Alien Resurrection: Ripley comes back to life as a half-Alien clone, then has sex with the Alien Queen who gives birth to a monstrous human-alien hybrid.   I am not kidding.

Predator 2: Arnold Schwarzenegger is replaced by Danny Glover, who wastes no time getting all Martin Riggs on the Predator in future LA.   Oh, and it also stars Gary Busey.

Alien Versus Predator: I don’t understand how you can have a movie called Alien Versus Predator and only have like five minutes of Alien versus Predator action.   And don’t get me started on the notion that Predators built the Mayan pyramids.
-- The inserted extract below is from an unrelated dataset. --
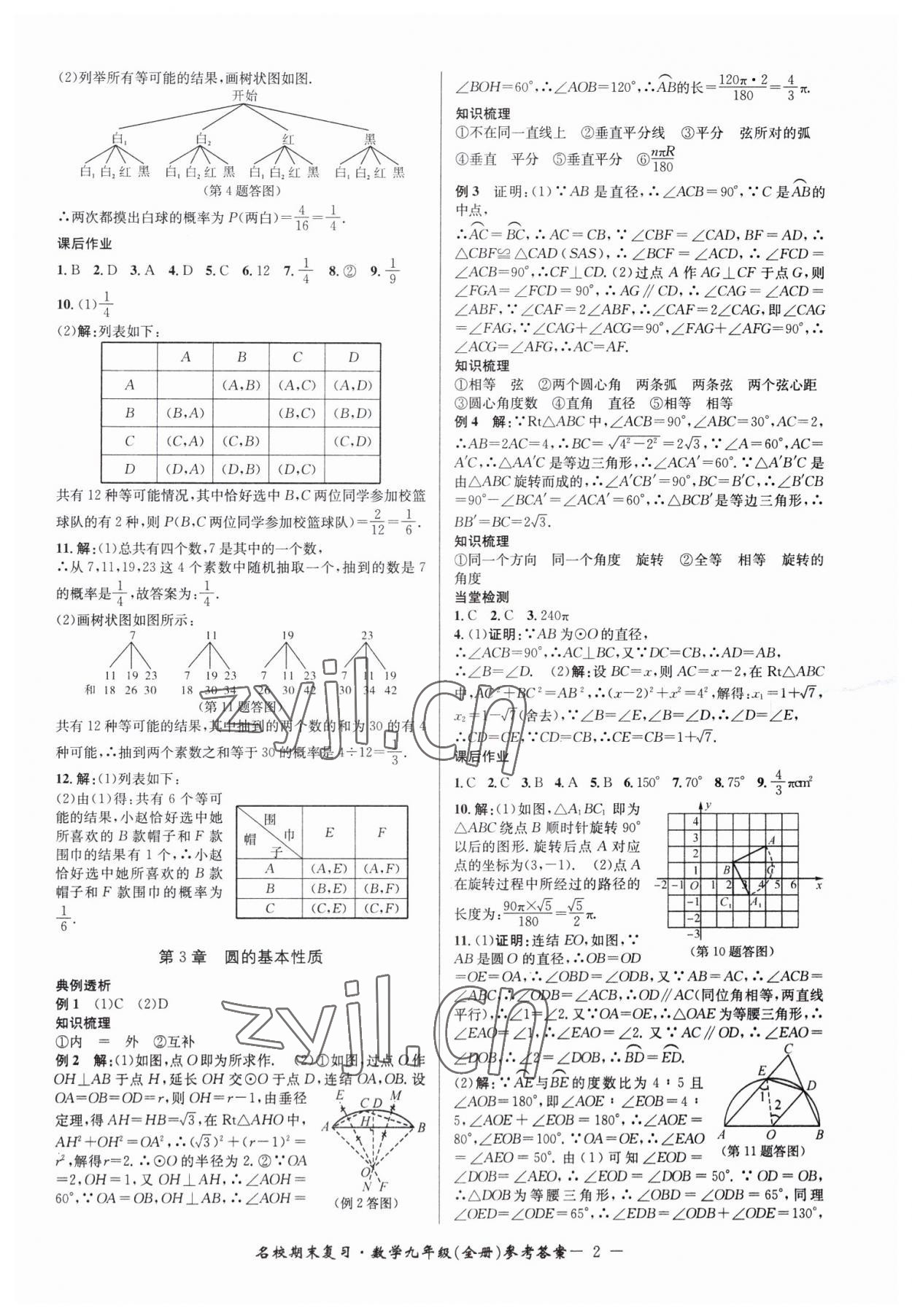 2022年名校期末复习宝典九年级数学全一册浙教版 参考答案第2页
Alien Versus Predator Requiem: Why is this movie called “Requiem”?   Can anyone tell me?   OK, there’s a lot of Alien versus Predator action in this one (which puts it a step above the 1 st AVP) but holy cow is this film a mess.   Every one of the characters introduced is flat and uninteresting. I cannot (even though I just watched this yesterday) recall a single one of their names.   The action geography of the story is utterly incomprehensible – the Predator will be in one part of the town in one scene, and then cut to the next scene in another part of town and suddenly its there too…and throughout the second half of the film characters keep randomly running right into one another for no other reason than the plot demands it (example: a group of characters hide out in a gun shop, and then two other characters who are running from a different Alien attack just happen to run into that same gun shop even though it was established earlier in the movie that they lived in a totally different part of the town).   As with Alien Resurrection, the filmmakers feel the need to muck with the iconic Alien and Predator designs by introducing another hybrid character – in this case, a Predalien.   Ugh.
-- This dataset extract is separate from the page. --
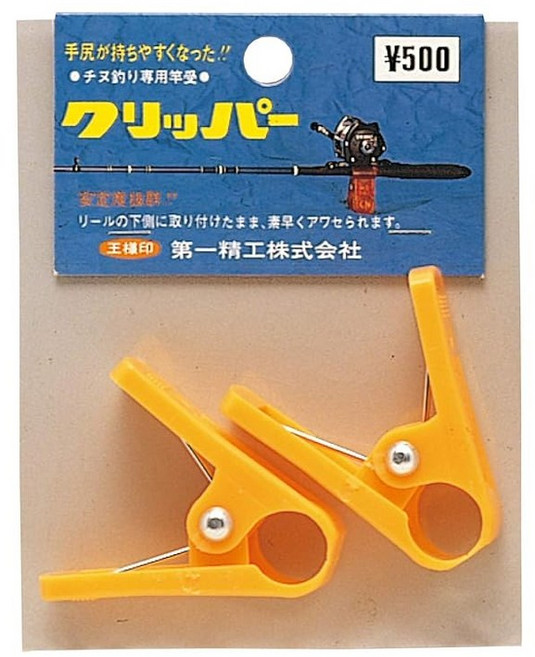 다이이치 정공 로드 홀더 장대 클리퍼 2개 15103 레드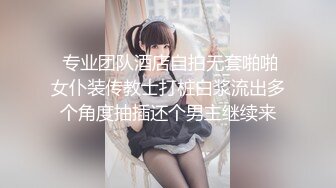 旅馆人妻按摩娘竟是我学生时代的女神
But probably the worst sin of AVPR (I feel really silly typing that ridiculous acronym) is that, by setting the story in present-day (and in a small town in Colorado), it just makes the Predator and Alien monsters seem so…pedestrian.   The early films in these franchises all took place in incredibly exotic locales – the deep space freighter Nostromo in Alien…the brutal colony world LV-427 in Aliens…even the deep Central American jungles of Predator. I’m sure the filmmakers thought they were putting a fresh new spin on things by taking these creatures and putting them in the middle of “Anytown, USA” but all they do is make these incredible movie monsters seem like they’re in just another run-of-the-mill teen horror movie.   How boring.